Exercise input →
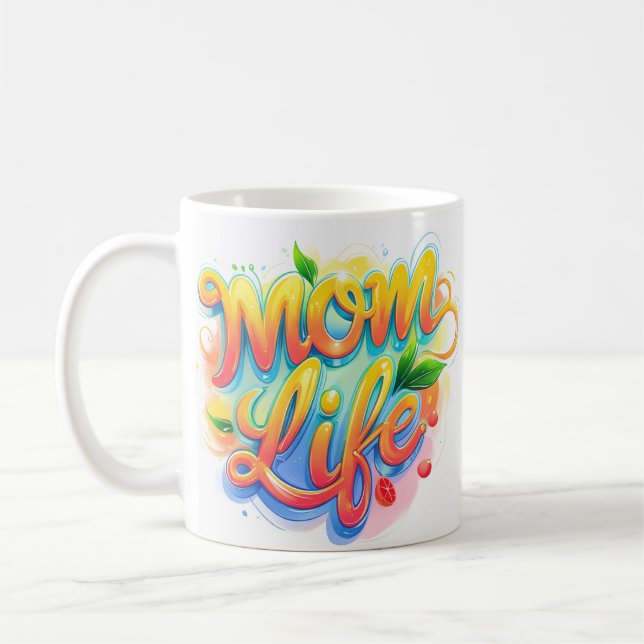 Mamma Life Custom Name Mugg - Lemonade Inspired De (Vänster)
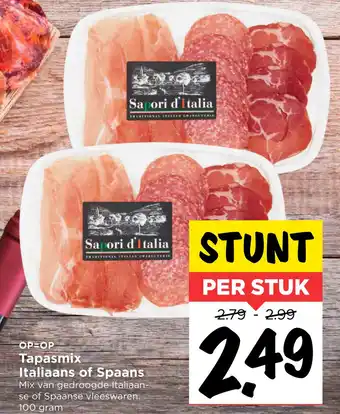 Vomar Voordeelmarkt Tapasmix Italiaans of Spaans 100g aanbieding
...
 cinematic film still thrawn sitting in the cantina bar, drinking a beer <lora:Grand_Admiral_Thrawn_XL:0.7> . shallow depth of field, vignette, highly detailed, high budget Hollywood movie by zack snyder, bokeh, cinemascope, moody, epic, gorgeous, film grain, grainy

Your objective → Please output, exactly as written, the lines above from the one holding "Mamma Life Custom" through the one holding "Vomar Voordeelmarkt Tapasmix", both included, with the pictures omitted.

Your solution →
 Mamma Life Custom Name Mugg - Lemonade Inspired De (Vänster)
 Vomar Voordeelmarkt Tapasmix Italiaans of Spaans 100g aanbieding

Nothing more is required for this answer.